Se nel 2012 il "Decreto Monti" aveva in sostanza liberalizzato le licenze commerciali, togliendo di fatto ai Comuni qualsiasi potere – che non fosse di ordine urbanistico – sulla concessione di autorizzazioni all’apertura di nuove attività di terziario sul proprio territorio, sulla materia negli ultimi mesi si registra il poderoso passo indietro consentito dagli spiragli inseriti nella normativa dal "decreto Madia": normativa ai più conosciuta come riforma della pubblica amministrazione, ma nel cui ampio novero sono alla fine entrate regole riguardanti le dichiarazioni di inizio attività che regolano il commercio.
Da qui una controffensiva che sta vedendo protagonisti molti Comuni turistici italiani, promotori di regolamenti ai quali ora anche la capitale delle Langhe guarda con sempre maggiore interesse.
Giusto venerdì scorso il tema è stato oggetto di discussione nella 3ª Commissione del Consiglio comunale, in forza di un ordine del giorno sul commercio e l'artigianato presentato dai gruppi di Forza Italia e della lista civica Per Alba.
Il documento è stato illustrato dal consigliere Gionni Marengo: "Abbiamo voluto presentare questo documento per tutelare il commercio e l'artigianato tipico del nostro territorio – spiega l’avvocato ed esponente di Forza Italia – così come prevede la nuova normativa del novembre 2016 denominata 'salva centri storici'. Si tratta del Decreto Legislativo 222/2016, che sostanzialmente consente ai Comuni che vantano un importante patrimonio culturale, archeologico, architettonico e turistico di vietare o vincolare a una specifica autorizzazione comunale esercizi commerciali o artigianali che per loro natura siano incompatibili col tessuto economico e culturale del territorio. D'altra parte, Alba, annoverata oggi quale 'città creativa Unesco per la gastronomia' non può non munirsi di un regolamento che tuteli le specificità del proprio territorio.
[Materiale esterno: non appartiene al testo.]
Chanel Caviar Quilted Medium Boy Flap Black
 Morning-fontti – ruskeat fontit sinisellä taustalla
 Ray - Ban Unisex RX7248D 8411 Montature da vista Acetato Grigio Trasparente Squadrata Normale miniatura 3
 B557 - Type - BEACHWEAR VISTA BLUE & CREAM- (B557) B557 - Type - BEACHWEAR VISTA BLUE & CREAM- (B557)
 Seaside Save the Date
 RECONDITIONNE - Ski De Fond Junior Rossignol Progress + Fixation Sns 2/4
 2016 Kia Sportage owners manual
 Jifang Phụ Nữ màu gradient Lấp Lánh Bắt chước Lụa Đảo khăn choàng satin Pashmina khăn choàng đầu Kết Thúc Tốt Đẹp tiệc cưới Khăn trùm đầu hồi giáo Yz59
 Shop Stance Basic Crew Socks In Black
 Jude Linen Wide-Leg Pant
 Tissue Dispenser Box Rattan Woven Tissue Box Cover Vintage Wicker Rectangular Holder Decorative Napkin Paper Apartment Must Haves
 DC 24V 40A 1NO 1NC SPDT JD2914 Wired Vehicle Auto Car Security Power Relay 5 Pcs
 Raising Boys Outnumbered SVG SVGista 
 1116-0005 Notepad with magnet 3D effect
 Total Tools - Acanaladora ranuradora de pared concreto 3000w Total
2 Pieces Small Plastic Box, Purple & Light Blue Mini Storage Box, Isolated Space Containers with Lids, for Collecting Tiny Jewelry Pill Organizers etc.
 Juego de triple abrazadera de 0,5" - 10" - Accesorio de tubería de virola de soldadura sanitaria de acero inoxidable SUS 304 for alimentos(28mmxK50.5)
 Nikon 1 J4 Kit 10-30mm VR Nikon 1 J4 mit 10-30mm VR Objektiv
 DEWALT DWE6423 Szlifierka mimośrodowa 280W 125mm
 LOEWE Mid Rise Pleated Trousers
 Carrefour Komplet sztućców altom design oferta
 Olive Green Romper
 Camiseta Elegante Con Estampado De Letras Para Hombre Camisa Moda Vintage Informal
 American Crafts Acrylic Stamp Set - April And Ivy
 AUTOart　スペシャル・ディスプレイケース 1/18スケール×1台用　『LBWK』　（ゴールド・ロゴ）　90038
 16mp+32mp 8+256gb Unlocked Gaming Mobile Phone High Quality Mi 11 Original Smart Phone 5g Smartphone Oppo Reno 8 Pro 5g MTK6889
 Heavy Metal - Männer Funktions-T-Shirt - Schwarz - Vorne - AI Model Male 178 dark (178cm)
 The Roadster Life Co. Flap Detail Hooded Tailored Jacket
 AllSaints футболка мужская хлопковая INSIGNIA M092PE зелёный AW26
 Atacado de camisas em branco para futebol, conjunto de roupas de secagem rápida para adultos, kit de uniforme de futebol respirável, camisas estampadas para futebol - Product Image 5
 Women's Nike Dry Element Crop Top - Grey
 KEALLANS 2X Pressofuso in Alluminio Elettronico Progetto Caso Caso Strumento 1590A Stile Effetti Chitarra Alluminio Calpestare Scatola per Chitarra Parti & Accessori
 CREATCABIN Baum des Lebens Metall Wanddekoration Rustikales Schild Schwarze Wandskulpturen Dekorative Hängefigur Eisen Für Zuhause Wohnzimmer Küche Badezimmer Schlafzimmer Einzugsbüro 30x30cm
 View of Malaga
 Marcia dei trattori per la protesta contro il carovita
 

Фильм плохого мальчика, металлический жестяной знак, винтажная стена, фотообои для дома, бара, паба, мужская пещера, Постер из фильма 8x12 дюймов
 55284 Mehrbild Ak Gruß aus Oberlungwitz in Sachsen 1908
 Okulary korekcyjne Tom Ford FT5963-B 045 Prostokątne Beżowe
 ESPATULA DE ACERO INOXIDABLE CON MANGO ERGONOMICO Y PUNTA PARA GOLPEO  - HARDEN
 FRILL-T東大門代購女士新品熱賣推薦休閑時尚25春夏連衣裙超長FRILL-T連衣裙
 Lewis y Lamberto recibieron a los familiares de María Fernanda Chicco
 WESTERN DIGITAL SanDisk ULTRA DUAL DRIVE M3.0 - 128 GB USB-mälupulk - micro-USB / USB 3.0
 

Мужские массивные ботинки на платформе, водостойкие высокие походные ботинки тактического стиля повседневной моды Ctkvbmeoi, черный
Tale normativa è un tassello importante che va a contenere il dilagare della liberalizzazione sfrenata prevista nel 2012 dal Governo Monti".
Più che ai casi citati, aggiunge Marengo, la proposta del centrodestra albese guarda all’esempio di quanto realizzato in quel di Firenze, altro centro tutelato dall’Unesco, dove un regolamento di questo tipo è operativo già dal maggio 2017. "Si tratta – continua il consigliere – di ragionare con molta attenzione ai paletti applicabili nel combinato disposto tra queste modifiche normative e il riconoscimento di Alba quale "città creativa Unesco", con l’idea di salvaguardare una specificità di una risorsa, il turismo enogastronomico, che ormai rappresenta la principale risorsa del nostro terziario".
La proposta prevede in ogni caso un iter articolato, che con tutta probabilità non verrà esaurito prima del rinnovo amministrativo previsto in primavera.
Il prossimo passo, da calendarizzare entro la fine dell’anno, riguarda l’audizione in Commissione delle categorie interessate, a partire dall’Associazione Commercianti Albesi, dalla sede di zona di Confartigianato e dal comitato di commercianti Alba Sotto le Torri.